Saturday, August 22, 2009

For the motherless

Recently, I pulled my copy of Emily Post’s Etiquette off the shelf and thumbed through it. Having grown up in the South, mama taught me quite a few rules and customs covered under the broad topic of etiquette. When I was just entering my teens, Mama helped me with invitations, thank you notes, and even guided me through giving a shower for a cousin. As a young woman, I just picked up the telephone whenever I need a little guidance on good manners, and Irene would tell me what to do and why. Alas, Mama is now just pleasant memories, so there I was, consulting the most recognized authority on manners, via the book. Although I just needed to confirm minor detail about appropriate wedding shower etiquette, afterward, I sat for quite a while, enjoying my perusal of this rather lengthy tome on good behavior.

Now, why would anyone have a whole book on etiquette? How else do you know when to use "esquire"? Or how to address correspondence to a federal judge? Or how much to tip a washroom attendant who does not hand you a towel?

Although each edition of Etiquette covers traditional topics such as correspondence, mealtime manners, table settings, and weddings, this later edition, authored by Peggy Post, includes business matters. No, I will never use all of it, but the modern, casual manner of society sometimes makes me realize that there is some need for protocol and decorum. Really, the book deals with basic courtesy and respect, and those go a long way toward improving human relationships.
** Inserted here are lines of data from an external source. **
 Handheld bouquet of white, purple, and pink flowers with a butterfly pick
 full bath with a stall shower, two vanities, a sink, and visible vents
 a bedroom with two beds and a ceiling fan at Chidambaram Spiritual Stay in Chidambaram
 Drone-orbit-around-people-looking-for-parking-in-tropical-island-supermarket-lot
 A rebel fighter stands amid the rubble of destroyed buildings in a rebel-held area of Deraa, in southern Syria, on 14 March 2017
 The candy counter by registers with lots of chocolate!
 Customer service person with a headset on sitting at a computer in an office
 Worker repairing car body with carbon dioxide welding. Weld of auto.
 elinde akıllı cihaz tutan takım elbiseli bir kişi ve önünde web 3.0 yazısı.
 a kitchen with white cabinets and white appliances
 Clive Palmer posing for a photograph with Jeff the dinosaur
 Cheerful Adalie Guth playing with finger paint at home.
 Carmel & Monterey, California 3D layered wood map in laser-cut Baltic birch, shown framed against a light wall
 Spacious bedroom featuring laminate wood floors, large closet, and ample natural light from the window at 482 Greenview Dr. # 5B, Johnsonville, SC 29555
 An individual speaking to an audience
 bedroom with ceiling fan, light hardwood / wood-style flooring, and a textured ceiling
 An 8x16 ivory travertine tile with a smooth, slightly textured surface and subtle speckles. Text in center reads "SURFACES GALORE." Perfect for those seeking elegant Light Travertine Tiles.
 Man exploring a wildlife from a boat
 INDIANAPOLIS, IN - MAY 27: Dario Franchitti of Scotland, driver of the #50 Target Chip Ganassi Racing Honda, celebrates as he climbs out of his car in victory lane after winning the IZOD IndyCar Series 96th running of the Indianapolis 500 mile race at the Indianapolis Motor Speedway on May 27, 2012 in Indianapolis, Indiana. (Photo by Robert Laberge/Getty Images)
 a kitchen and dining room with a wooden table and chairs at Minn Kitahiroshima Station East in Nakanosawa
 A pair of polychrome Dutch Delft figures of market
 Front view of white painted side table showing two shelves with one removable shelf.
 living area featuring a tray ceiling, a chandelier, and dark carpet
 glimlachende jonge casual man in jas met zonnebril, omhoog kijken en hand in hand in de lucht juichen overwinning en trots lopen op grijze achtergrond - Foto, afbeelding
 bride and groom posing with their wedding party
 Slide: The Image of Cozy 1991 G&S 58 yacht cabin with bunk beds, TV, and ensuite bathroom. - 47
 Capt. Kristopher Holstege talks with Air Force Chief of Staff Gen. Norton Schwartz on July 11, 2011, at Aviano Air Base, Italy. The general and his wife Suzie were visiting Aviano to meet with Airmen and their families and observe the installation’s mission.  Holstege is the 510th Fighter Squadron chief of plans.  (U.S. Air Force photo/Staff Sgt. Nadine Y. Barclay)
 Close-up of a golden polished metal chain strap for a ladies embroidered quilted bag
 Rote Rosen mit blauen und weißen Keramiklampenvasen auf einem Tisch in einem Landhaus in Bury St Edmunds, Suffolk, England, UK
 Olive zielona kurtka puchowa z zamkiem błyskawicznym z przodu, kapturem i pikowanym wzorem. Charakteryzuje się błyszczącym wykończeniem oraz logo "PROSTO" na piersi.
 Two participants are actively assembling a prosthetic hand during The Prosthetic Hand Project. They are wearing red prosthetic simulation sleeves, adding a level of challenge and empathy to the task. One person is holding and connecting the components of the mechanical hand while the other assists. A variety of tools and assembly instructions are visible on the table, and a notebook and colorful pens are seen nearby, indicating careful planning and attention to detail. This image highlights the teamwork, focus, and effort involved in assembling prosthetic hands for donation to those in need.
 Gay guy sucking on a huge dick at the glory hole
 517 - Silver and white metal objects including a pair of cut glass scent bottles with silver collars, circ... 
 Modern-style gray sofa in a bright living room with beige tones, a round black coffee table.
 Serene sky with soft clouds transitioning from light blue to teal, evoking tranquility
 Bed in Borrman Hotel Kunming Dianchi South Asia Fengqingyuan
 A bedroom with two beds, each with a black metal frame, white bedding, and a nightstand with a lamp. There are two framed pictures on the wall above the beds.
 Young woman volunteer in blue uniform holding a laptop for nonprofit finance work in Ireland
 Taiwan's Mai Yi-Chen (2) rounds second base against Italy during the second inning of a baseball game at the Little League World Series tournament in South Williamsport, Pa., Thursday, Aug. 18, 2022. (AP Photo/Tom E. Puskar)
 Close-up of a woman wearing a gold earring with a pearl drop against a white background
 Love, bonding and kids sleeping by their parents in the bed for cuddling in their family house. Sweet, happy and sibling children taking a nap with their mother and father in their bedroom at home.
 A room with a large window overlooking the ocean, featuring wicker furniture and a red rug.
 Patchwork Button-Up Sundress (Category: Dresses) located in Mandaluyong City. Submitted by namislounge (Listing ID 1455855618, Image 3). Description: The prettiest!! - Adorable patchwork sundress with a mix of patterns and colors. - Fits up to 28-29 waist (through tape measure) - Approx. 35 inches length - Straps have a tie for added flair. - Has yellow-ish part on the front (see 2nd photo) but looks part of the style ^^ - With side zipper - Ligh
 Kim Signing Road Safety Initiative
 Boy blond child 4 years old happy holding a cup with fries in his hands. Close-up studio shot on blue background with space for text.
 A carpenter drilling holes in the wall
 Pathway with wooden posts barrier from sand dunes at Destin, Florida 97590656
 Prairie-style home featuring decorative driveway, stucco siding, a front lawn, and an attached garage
Mama seemed to know just how to handle the most awkward situations, no doubt through training as well as instinct, but there are times when the rest of us need a little help.

I bought this 16th edition some time ago, but I think the new 17th edition would be a great gift for graduates and/or newly weds, because sometimes mama isn't available to help with wording the invitation, choosing the gift, or other mannerly matters.